The problem here is the text 'type' marker at the start of the file can be anything from 0 to 3 bytes long, making it a bit tricky to use with an arbitrary stream without either buffering the input or using a 'putback' mechanism. This is less of an issue with LoadText as it can do it messily/internally.

It's not impossible, just something we haven't got around too yet.


ziggy(Posted 2006) [#6]
why not adding this functionality to the TextStream? I think it will be very useful for those who are not familiar to text encoding:

Type TextFileReader
	Function CreateStream:TTextStream(url:Object,DetectEncoding:Int = True,ForceEncoding:Int = 0 )
		Local Stream:TStream=ReadStream(url) 'This is the base stream
		If Stream = Null Then Return Null 'Unable to open URL
		If detectencoding = False Then
			Local TStream:TTextStream=TTextStream.Create( Stream,forceencoding)
			Return TStream
		Else
			Local TStream:TTextStream=TTextStream.Create( Stream,EncodingDetector(url))
			Return TStream
		EndIf
		
	End Function
	Function EncodingDetector:Int(url:Object)
		Local format:Int = 0  'This is to store the encoding
		Local Stream:TStream=ReadStream(url) 'This is the base stream
		If not Stream.Eof() 'check if there is data to read
			Local c:Byte=Stream.ReadByte()
			If not Stream.Eof()
				Local d:Byte=Stream.ReadByte()  'Get the firt byte to get the encoding
				If c=$fe and d=$ff  'if its FF and FE (Big endian byte order)
					format=TTextStream.UTF16BE
				Else If c=$ff and d=$fe  'Little endian byte order
					format=TTextStream.UTF16LE
				Else If c=$ef and d=$bb
					If not Stream.Eof()
						Local e:Byte=Stream.ReadByte()
						If e=$bf format=TTextStream.UTF8
					EndIf
				EndIf
			EndIf
		EndIf
		Return format
	End Function
End Type


that's what I use to read from txt files, and it's a little adaptation of the official loadtext command.

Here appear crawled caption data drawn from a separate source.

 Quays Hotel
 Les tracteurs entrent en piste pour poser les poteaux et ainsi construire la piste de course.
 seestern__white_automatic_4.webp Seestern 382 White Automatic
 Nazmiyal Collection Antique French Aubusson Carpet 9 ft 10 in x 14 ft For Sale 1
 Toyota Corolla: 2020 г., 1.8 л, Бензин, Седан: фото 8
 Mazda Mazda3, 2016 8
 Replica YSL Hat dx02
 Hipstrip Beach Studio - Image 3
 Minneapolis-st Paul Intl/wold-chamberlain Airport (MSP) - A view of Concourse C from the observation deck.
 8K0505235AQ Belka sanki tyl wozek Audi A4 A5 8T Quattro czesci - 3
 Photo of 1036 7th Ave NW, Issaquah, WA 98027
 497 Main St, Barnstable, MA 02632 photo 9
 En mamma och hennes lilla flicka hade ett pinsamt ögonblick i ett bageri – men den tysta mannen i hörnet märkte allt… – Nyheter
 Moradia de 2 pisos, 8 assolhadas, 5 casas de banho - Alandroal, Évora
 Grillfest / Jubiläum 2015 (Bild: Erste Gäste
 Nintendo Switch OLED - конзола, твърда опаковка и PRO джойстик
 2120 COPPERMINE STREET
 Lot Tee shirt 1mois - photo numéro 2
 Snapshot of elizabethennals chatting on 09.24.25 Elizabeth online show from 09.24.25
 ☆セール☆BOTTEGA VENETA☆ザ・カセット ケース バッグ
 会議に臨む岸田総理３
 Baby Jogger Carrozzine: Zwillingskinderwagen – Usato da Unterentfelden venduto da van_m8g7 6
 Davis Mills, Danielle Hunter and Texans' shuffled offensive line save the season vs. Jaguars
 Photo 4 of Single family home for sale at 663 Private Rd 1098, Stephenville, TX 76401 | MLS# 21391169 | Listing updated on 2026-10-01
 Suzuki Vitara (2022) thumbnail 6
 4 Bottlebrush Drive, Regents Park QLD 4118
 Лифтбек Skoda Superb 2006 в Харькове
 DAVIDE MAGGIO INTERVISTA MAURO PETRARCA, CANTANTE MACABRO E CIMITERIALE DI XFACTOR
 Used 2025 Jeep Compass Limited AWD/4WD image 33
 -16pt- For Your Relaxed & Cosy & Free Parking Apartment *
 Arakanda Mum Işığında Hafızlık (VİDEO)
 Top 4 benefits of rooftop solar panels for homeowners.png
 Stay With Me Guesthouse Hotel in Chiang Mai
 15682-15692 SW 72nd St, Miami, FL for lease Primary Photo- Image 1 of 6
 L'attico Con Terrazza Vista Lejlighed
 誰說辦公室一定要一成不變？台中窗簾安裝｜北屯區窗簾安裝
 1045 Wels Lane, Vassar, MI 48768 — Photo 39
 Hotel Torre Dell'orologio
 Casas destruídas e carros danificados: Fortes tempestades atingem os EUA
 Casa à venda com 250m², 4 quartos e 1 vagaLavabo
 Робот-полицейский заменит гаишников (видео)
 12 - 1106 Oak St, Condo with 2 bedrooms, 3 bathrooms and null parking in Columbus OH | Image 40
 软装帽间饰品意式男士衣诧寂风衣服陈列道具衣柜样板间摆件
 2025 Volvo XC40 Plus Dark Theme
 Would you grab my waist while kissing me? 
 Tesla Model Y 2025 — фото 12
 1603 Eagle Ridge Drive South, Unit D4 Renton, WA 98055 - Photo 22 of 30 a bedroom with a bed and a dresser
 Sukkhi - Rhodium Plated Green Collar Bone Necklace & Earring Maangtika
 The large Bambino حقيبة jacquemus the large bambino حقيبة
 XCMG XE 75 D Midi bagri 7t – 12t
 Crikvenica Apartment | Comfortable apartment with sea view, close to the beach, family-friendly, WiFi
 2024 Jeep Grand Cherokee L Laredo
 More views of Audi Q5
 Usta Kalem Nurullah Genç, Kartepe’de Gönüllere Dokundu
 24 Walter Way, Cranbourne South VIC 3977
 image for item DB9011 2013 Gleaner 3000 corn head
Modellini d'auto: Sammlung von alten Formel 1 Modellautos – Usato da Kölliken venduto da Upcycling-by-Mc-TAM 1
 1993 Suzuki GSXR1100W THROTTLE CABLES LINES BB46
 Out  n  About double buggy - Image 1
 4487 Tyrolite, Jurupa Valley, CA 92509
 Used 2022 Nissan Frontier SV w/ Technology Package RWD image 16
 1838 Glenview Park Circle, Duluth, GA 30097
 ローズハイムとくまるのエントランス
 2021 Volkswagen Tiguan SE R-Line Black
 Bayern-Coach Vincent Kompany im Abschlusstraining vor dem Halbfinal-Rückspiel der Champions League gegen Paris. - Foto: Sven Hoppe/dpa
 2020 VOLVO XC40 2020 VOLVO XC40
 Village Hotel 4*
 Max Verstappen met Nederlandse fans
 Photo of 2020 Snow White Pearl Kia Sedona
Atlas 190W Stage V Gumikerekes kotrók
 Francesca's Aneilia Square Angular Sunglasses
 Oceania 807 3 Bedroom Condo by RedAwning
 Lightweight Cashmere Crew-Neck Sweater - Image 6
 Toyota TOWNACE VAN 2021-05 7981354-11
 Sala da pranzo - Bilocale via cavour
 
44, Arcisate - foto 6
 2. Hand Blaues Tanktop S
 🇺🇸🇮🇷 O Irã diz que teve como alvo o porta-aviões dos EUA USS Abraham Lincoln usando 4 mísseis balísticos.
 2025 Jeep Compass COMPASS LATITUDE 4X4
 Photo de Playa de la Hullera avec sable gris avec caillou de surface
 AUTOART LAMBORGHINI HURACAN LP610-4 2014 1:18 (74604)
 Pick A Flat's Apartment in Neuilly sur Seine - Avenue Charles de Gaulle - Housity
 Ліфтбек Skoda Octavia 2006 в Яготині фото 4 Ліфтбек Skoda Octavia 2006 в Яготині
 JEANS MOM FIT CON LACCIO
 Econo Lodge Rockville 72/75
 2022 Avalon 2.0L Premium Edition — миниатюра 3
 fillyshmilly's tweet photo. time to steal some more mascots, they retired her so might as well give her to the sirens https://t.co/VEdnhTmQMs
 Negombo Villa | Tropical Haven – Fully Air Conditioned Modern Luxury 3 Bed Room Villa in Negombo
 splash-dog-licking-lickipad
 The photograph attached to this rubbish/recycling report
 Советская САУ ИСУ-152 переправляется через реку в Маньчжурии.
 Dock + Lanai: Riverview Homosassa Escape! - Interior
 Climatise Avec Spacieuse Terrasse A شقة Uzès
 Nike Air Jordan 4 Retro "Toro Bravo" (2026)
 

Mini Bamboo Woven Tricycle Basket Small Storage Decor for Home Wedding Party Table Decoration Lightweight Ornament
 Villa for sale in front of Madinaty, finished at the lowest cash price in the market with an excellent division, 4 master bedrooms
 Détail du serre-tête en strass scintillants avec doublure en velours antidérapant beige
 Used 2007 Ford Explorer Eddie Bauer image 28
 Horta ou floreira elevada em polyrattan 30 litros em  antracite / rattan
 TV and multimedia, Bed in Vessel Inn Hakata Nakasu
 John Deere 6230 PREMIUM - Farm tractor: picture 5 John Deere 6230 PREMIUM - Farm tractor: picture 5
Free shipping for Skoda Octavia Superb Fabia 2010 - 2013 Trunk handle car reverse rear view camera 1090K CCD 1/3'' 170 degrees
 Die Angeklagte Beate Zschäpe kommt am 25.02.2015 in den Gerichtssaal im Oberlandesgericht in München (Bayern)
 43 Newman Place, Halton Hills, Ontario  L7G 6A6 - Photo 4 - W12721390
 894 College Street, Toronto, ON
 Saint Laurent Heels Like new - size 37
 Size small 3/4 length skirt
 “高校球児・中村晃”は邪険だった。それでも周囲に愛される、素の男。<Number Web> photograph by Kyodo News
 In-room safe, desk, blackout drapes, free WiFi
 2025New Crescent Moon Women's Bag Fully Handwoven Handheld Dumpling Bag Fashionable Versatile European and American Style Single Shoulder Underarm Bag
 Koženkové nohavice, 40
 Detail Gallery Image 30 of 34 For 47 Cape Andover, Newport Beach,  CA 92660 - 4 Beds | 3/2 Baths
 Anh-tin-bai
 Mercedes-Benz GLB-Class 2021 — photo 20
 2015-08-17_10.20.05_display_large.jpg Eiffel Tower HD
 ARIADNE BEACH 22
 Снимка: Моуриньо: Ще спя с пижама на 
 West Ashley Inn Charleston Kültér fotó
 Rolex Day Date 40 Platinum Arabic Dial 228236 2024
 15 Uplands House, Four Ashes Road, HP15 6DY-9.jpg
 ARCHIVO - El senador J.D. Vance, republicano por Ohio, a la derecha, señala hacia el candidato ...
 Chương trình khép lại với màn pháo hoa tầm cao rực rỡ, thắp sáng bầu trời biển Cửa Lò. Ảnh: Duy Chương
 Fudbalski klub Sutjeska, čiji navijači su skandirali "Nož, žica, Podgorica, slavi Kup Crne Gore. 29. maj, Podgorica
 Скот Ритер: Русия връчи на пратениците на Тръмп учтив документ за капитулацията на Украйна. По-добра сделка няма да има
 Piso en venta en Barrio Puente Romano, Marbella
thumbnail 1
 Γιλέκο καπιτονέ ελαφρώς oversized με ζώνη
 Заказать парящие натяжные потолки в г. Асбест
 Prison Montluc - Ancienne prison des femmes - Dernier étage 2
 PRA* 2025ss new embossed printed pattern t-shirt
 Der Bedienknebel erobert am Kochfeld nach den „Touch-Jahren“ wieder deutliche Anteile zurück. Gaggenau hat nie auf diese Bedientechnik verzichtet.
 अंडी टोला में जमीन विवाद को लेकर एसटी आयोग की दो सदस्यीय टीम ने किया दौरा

hope you'll find it useful.


Yan(Posted 2006) [#7]
Wouldn't you need something like...
Function EncodingDetector:Int(url:Object)
  
  ...ETC...
  
  If format = Null
    format = TTextStream.LATIN1
    Stream.Seek(0) 'this won't work on an unbuffered serial stream
  EndIf

  Return format
End Function
...too?

I presume this is what Mark was talking about when he said...
making it a bit tricky to use with an arbitrary stream without either buffering the input or using a 'putback' mechanism



ziggy(Posted 2006) [#8]
@Yan: Format never gets null, it's a Integer, and it's started with value 0 (LATIN1)
Ah, and yes, this will only work on seekable streams, but non seekable streams don't usualy have a byte order mark at it's begining.

what about this?

Function EncodingDetector:Int(url:Object)
  
  ...ETC...
  
  If format = 0
    try
        Stream.Seek(0) 'this will only work on an unbuffered serial stream
    catch err$
    end try
  EndIf

  Return format
End Function



Yan(Posted 2006) [#9]
1) In BMax Null = 0 for integers.
2) TTextStream.LATIN1 = 1
C) I think you're missing the point!


ziggy(Posted 2006) [#10]
@Yan: this code needs to start format = 1 instead of 0, you're right. But for anything else, I think is a quite usable routine. I will give it a deep try and let everybody know any prob using it.